Assigned task >>
Records follow. Print exactly the lines from the one that has "PETKAO Genesis igniter" through the one that has "Axiom - Virus", inclusive, and omit the pictures.

Data in this exercise >>
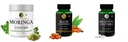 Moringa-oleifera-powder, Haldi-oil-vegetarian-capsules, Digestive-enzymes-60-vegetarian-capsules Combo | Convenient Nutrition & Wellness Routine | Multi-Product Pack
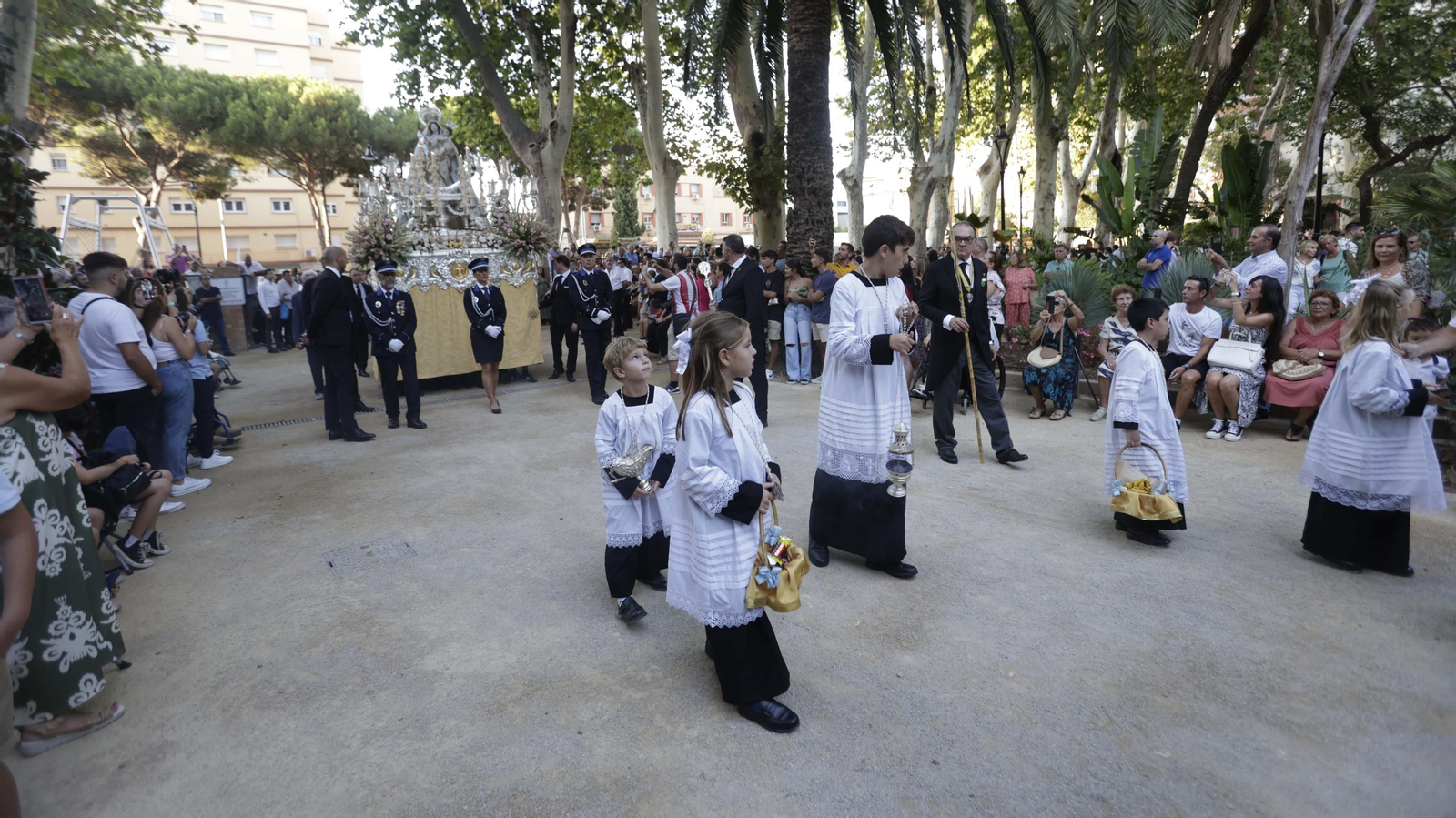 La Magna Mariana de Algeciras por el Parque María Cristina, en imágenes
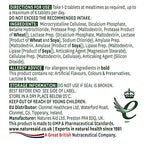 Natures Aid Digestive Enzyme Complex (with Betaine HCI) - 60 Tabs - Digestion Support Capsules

...

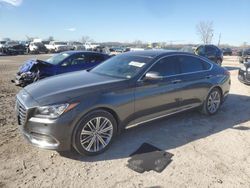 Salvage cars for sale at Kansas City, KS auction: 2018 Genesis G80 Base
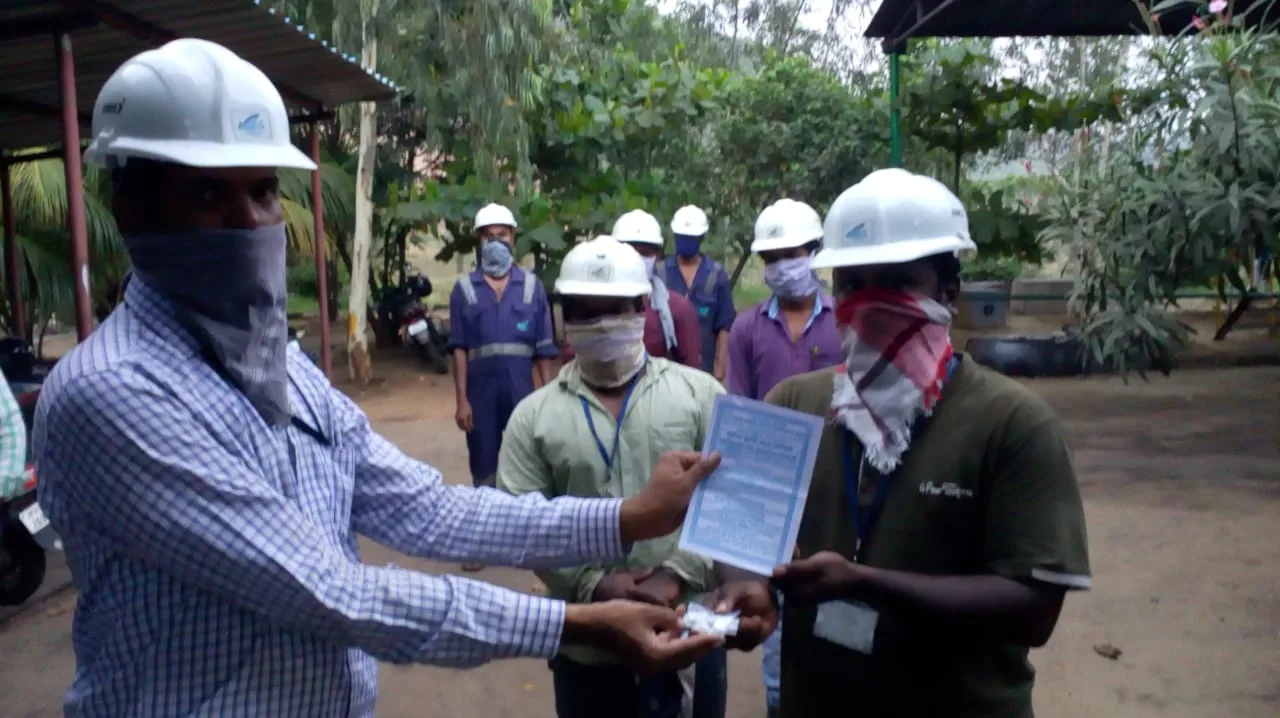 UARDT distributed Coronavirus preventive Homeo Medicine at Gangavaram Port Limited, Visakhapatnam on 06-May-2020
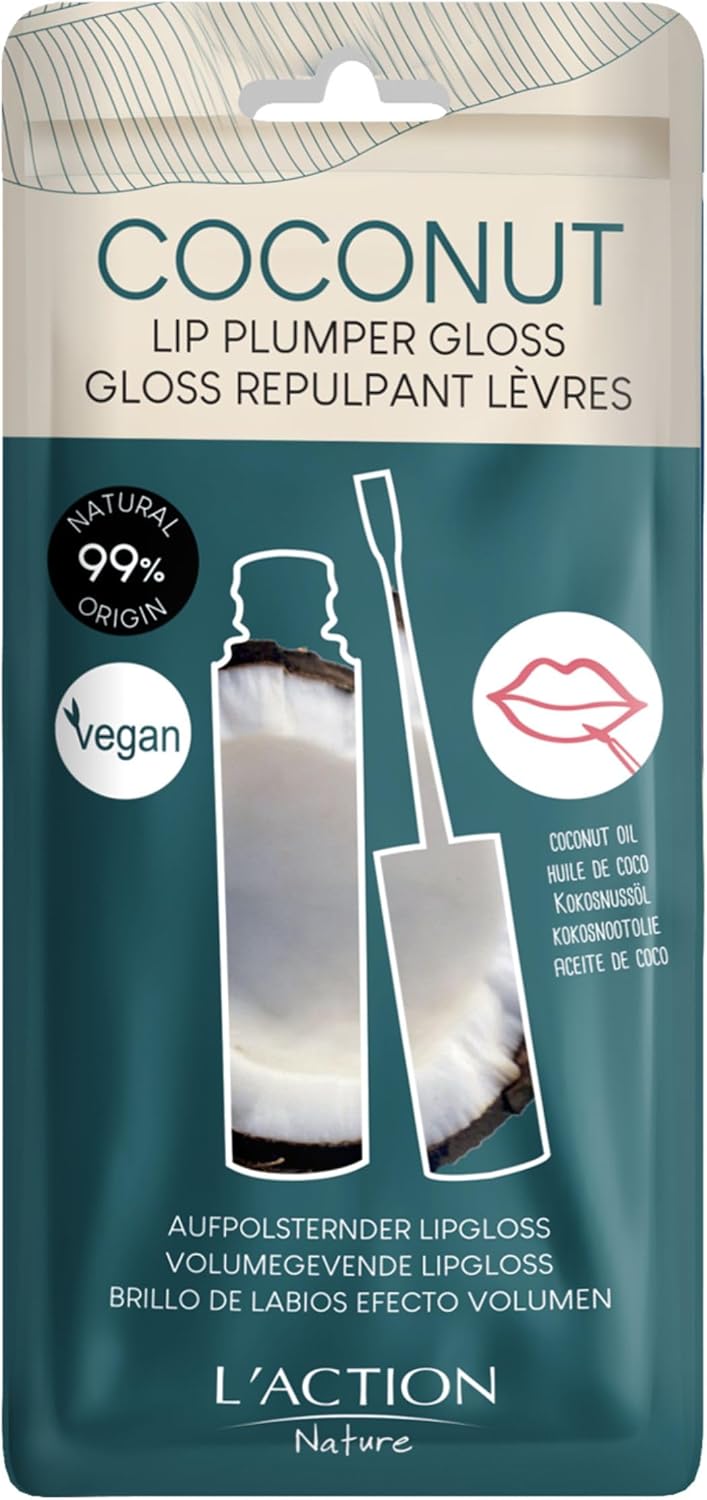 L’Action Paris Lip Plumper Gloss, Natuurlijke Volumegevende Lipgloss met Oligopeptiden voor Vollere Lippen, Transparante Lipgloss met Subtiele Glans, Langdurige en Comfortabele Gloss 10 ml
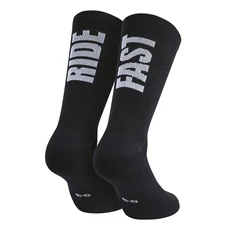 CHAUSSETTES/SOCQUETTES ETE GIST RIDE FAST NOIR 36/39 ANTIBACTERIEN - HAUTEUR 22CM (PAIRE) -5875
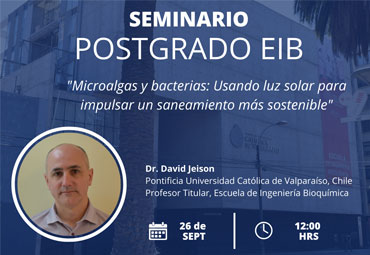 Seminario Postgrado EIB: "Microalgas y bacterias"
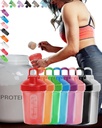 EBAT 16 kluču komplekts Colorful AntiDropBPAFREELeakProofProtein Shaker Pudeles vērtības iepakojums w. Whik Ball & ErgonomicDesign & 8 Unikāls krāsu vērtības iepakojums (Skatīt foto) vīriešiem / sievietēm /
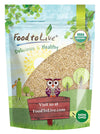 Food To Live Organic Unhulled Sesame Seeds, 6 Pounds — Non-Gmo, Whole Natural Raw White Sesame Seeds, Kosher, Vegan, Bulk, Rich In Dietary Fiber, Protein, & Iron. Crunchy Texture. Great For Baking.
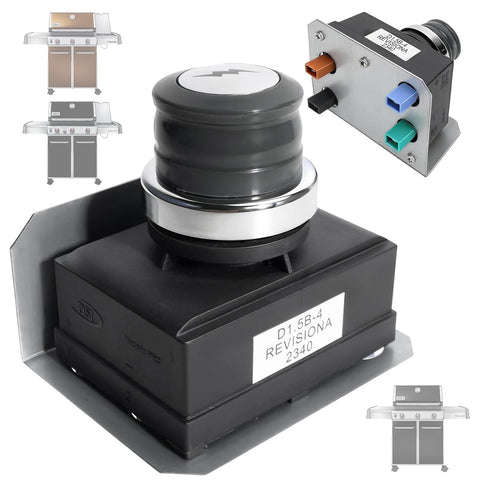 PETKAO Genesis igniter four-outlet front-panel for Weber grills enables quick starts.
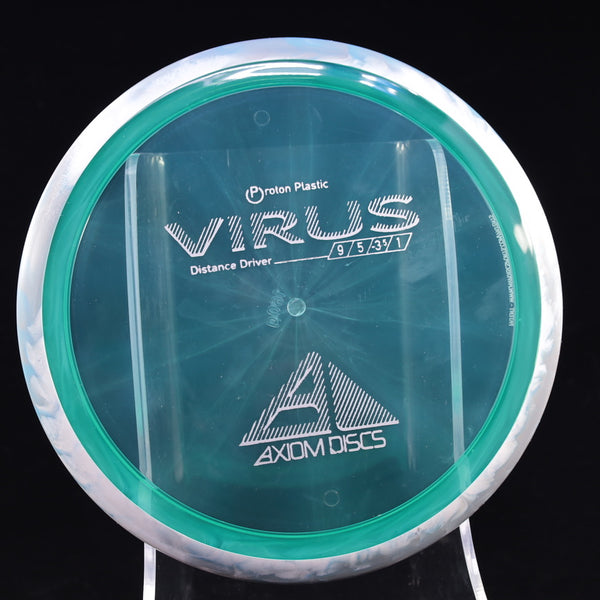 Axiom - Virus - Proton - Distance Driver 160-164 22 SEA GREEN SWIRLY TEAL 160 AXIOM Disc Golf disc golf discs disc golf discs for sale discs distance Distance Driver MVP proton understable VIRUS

Exercise response >>
 PETKAO Genesis igniter four-outlet front-panel for Weber grills enables quick starts.
 Axiom - Virus - Proton - Distance Driver 160-164 22 SEA GREEN SWIRLY TEAL 160 AXIOM Disc Golf disc golf discs disc golf discs for sale discs distance Distance Driver MVP proton understable VIRUS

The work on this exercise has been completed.